YOU NIT REMEMBER UNITS!
2 + 2 doesn’t always result in the sum of 4. Not if we are talking about two tons added to two tons and the answer is given in hundredweights. Then 2 = 2 = 40. So, units can make or break ideas. I know that from bitter experience when trying to translate drawings without taking care to double check measurements. On more than one occasion I have mixed up millimetres and centimetres, usually making more work for myself and losing money as well as a customer.
I was brought up with glass being defined in a confusing mishmash of units. I work with lengths of glass tubes and rods. The length of the tubes when bought are always the same and that length is five feet. However, the diameter varies from say about two millimetres to maybe over two hundred millimetres. Thing is I never bothered thinking it strange working with five feet of ten-millimetre diameter tubing.

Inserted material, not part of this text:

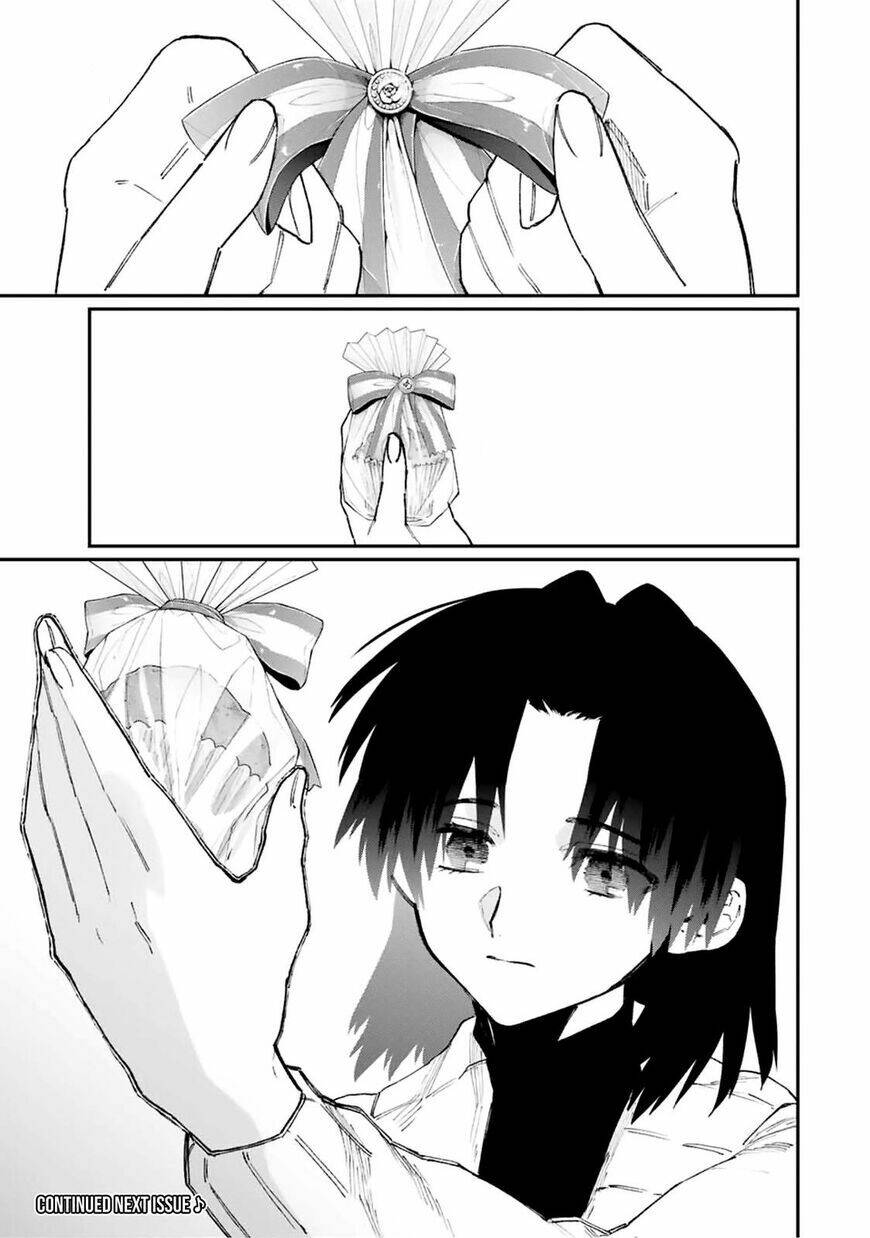 That Girl Is Not Just Cute: Chapter 105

After a few years, my suppliers of glass told me they were wishing to be compliant with the real world so had to stop selling glass tubing and rod in five-foot lengths and now I had to order in in lengths of fifteen hundred millimetres. Again, I found it weird that the default was millimetres and not metres or even centimetres.
My favourite unit is the little old millimetre. My favourite number is nine so it’s obvious that I love glass rod with a nine-millimetre diameter. In fact, nearly every solid glass object I make is made using nine-millimetre glass rod. People ask me why and I can’t explain other than to say, I use that size because it’s my choice. I have been taking this approach for over thirty years. I don’t favour eight millimetre not ten. Sad, isn’t it?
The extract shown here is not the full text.